Pourvu toujours, et il est statué par la dite Autorité, Qu'il ne sera permis à aucun Membre, soit du Conseil Législatif ou de l'Assemblée, dans l'une ou l'autre des dites Provinces, d'y siéger ou d'y voter, jusqu'à ce qu'il ait prête et souscrit le Serment suivant, soit devant le Gouverneur ou le Lieutenant-Gouverneur de telle Province, ou la Personne qui y aura l'administration du Gouvernement, ou devant quelque personne ou personnes autorisées par le dit Gouverneur ou le Lieutenant-Gouverneur, ou autre personne comme ci-dessus, d'administrer tel serment, et qu'il sera administre en langue Anglaise ou Française, comme le cas le requiérera.

Serment

Je, ____, promets sincèrement et Jure, que je serai fidèle et porterai vraie Fidélité à Sa Majesté le Roi George comme légal Souverain du Royaume de la Grande Bretagne et de ces Provinces dépendantes et appartenantes au dit Royaume; et que je le défendrai de tout mon pouvoir contre toutes Conspirations, et Attentats Perfides quelconques qui seront faits contre sa Personne, sa Couronne et sa Dignité; et que je ferai tous mes efforts pour découvrir et faire connoitre à sa Majesté, ses Héritiers ou Successeurs, toutes Trahisons, Conspirations et Attentats Perfides que je saurai être trames contre lui, ou aucun d'eux : Et je Jure tout ceci sans aucun équivoque, subterfuge mentale ou restriction secrète, et renonçant à tous Pardons et Dispensations d'aucune Personne ou pouvoir quelconque à ce contraire.
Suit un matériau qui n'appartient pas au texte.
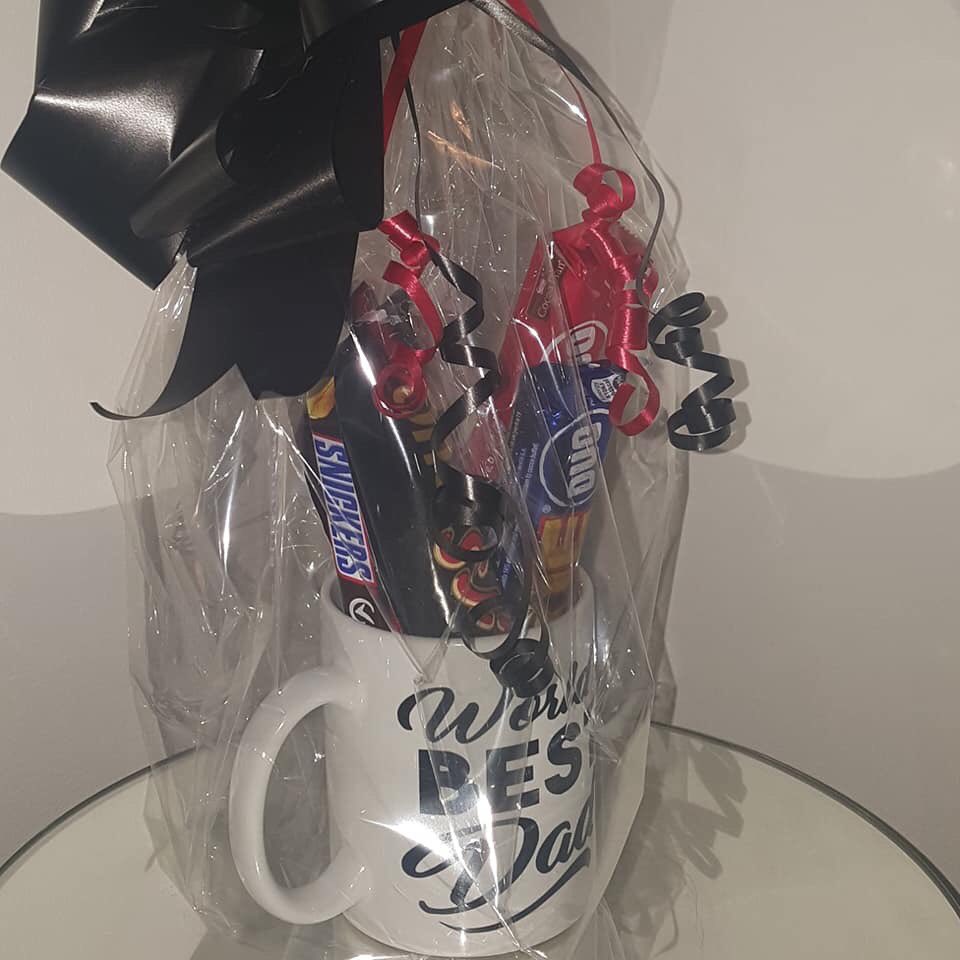 RdpSigns's tweet image. Working on our #fathersday gifts. #ipswich checkout or Facebook page for the #giveaway #offer #smallbusinness #newbiz
#facebook rdpsigns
Ainsi DIEU me soit en Aide.

3 

D. Vaugeois, « L'affaire... », op. cit., p. 27.

4 

Assemblée nationale du Québec, Chronologie parlementaire depuis 1764 (1807-1809), 2 mai 2023; D. Vaugeois, « Hart, Ezechiel », op. cit., consulté le 2 mai 2023.

5 

Les députés-juges sont finalement déclarés inaptes à être élus, à siéger ou à voter le 21 mars 1811. 51 Geo. III, c. 4.

6 

D. Vaugeois, « Hart, Ezechiel », op. cit., consulté le 2 mai 2023; Assemblée nationale du Québec, Chronologie parlementaire depuis 1764 (1807-1809), consulté le 2 mai 2023.

7 

21 & 22 Vict. c. 49 (R.-U.), sanctionné le 23 juillet 1858.